Any forecasts of a trade war’s impact, though, have to take into account a bigger player in the biodiesel market: the federal renewable fuel standard, which requires the blending of biofuel into gasoline.
Thanks in large part to the RFS, biodiesel and soybean oil use has surged in recent years. In 2015, biodiesel consumption required 5 billion pounds of soybean oil from 441 million bushels of soybeans, according to the United Soybean Board, a promotional group.
That compares to less than 500 million pounds of soybean oil in 2005, the year the RFS took effect; the law was updated in 2007.
The biodiesel business has tended to rise and fall, as well, based on a federal tax credit for blenders, which has expired at times and been renewed temporarily by Congress. The industry also recently won complaints against imports from Argentina and Brazil, allowing the United States to impose tariffs on biodiesel imports from those countries (E&E Daily, Jan. 9).
Domestic biodiesel production accounts for more than a quarter of all soybean oil use in the country, the Soybean Board said.
Westhoff said the RFS basically determines U.S. biodiesel production, so the real impact of tariffs might not be on production but on the prices of renewable fuel credits that have generated controversy between refiners and the biofuel industry.
However, biodiesel makers aren’t exactly celebrating.
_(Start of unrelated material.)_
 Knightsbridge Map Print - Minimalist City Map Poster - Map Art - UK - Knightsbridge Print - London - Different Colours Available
The possible effects are too unclear, including how the dispute might affect farmers’ planting decisions this spring, said Kaleb Little, spokesman for the National Biodiesel Board, a trade group.
“Anything that impacts agriculture negatively impacts us, too,” Little told E&E News.
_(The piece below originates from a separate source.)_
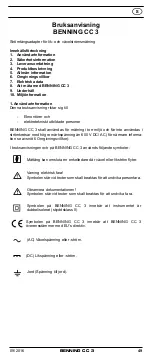 Preview for 53 page of Benning CC 3 Operating Manual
Coming on top of the administration’s recent moves to ease some refiners’ obligations under the RFS, the possibility of a trade war with China is like a “one-two punch” that makes the soybean industry nervous, Little said.
Most biodiesel plants can switch to other raw materials if soybean oil becomes less attractive, Little said. “The U.S. industry is really very flexible and nimble.”